Before the list, I would say it is my opinion that anything polemical, as in, "why I am," "why I am not," "against X" and "for X" have their uses, but fall back into the trap of TULIP and the endless debates that really do not characterize Reformed Theology is the right light. 

Also, as the list below will suggest.  I believe that Reformed/Covenant Theology is best defined by Genesis 1-4 and Colossians 1, more than (though not without) Romans 8-11 or Rev. 20 (I am resisting saying that "Reformed/Covenant Theology is best defined by the Bible").

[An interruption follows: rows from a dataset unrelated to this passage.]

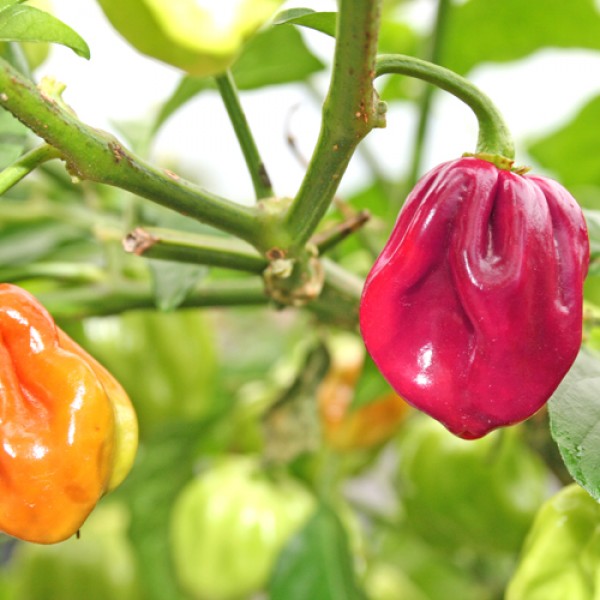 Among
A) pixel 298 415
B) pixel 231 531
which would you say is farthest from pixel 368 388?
pixel 231 531

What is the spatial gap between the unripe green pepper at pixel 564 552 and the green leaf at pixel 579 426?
0.29 ft

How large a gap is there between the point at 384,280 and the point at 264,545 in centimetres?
51

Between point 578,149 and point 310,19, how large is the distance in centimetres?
67

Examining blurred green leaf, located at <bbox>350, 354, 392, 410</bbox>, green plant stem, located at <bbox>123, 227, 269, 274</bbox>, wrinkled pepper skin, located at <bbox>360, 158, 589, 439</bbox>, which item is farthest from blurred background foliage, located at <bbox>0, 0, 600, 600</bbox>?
wrinkled pepper skin, located at <bbox>360, 158, 589, 439</bbox>

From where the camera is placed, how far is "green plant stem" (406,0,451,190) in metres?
0.74

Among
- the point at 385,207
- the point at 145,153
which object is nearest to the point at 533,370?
the point at 145,153

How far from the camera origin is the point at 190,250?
17.3 inches

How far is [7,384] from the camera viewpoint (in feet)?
1.24

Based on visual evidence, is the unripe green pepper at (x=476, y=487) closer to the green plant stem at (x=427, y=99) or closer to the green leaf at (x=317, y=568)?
the green leaf at (x=317, y=568)

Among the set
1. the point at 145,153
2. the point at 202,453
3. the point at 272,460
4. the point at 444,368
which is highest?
the point at 444,368

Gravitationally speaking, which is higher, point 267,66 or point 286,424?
point 267,66

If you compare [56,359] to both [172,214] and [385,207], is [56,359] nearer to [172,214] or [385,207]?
[172,214]

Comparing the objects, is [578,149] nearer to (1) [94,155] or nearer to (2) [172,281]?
(2) [172,281]

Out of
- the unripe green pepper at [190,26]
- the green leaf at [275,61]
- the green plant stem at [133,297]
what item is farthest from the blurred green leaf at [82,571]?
the unripe green pepper at [190,26]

So I suggested (again, with the help of Greg):

Creation Regained  by Albert M. Wolters

Far as the Curse is Found by Michael Williams

Not the Way It's Supposed to Be by Cornelius Plantiga

The Mission of God's People by Chris Wright
 
Center Church by Tim Keller

Reformed Dogmatics by Herman Bavinck (for a longer read, which I agree with but it is not one to just read quickly - you're welcome Frank!)

Covenantal Apologetics by K. Scott Oliphint (yesterday I saw a review of this new-ish book, reviewed by my friend Peter Green.  [disclaimer] I have not read the book yet, but telling by Peter's review, it would be a good one to add to the list.)

Each of these books above would give a fuller understanding of what Reformed Theology actually is by also defining Covenant Theology.  I am interested in other books to add to this list.  What are your suggestions?

I will add as a parting shot what I normally tell folks about my "Reformed Theology journey": For a long time I claimed to be "Reformed," but the moment I knew I was truly "Reformed" was the moment I felt closest to a "tree-hugger" (this was also the moment that I had my last 3-10 hr predestination vs. free-will debate!).  That is, there is much more to "Reformed" than your soteriology.